▶ **Data extract**
^^^^^^^^^^^^^^^^
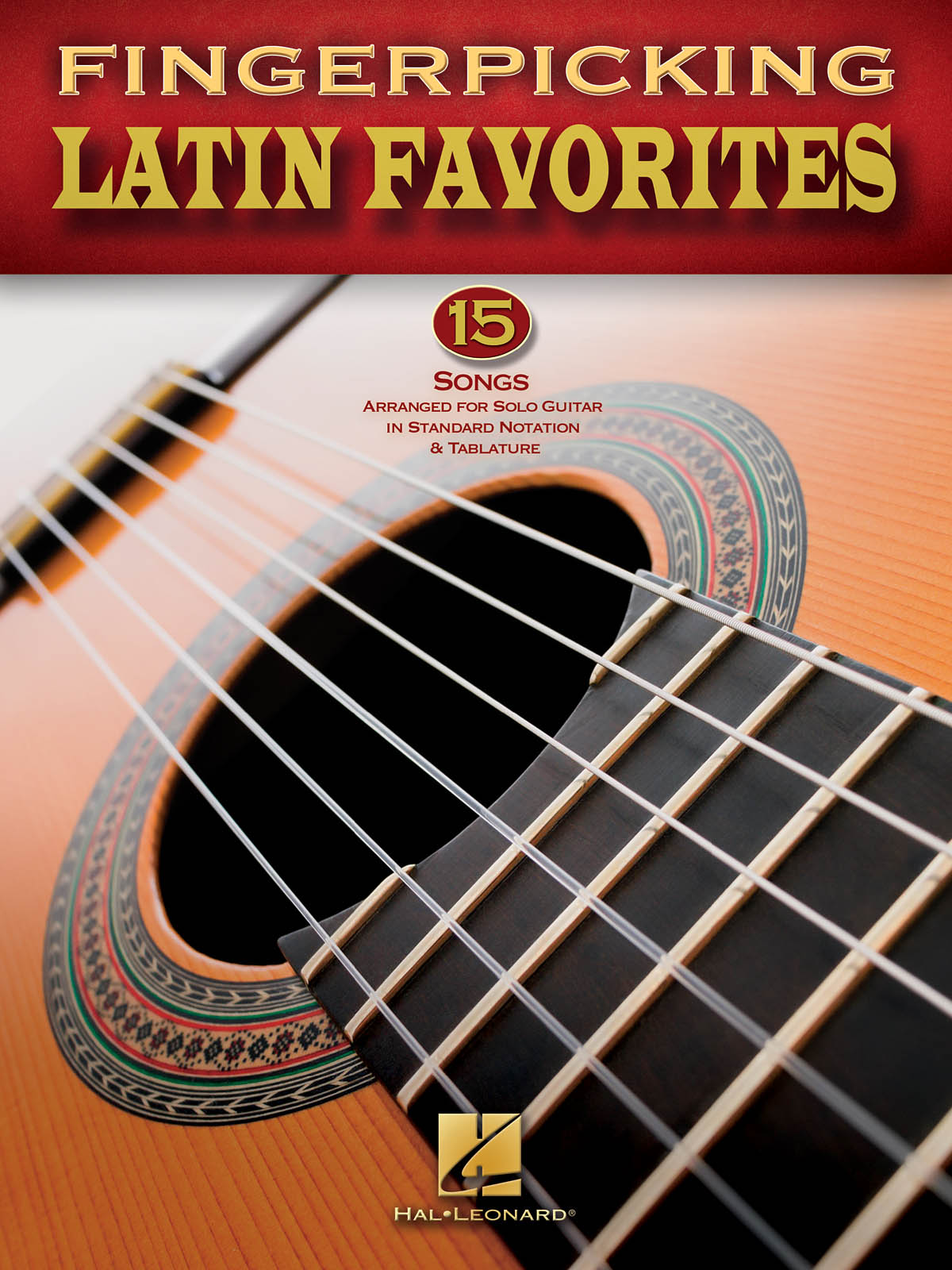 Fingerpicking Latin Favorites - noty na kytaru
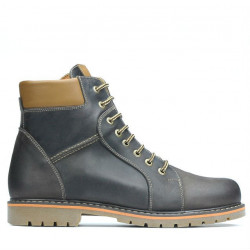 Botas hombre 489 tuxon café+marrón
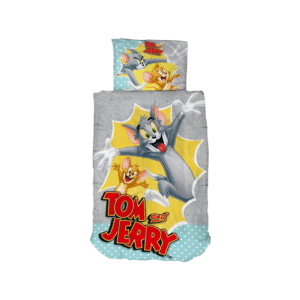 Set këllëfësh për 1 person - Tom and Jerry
^^^^^^^^^^^^^^^^
▶ **Aim of the task**
Starting at the line with "Botas hombre 489 tuxon café+marrón", transcribe the listing above exactly through its last line. No picture belongs in the transcription.

▶ **Reply to the task**
 Botas hombre 489 tuxon café+marrón
 Set këllëfësh për 1 person - Tom and Jerry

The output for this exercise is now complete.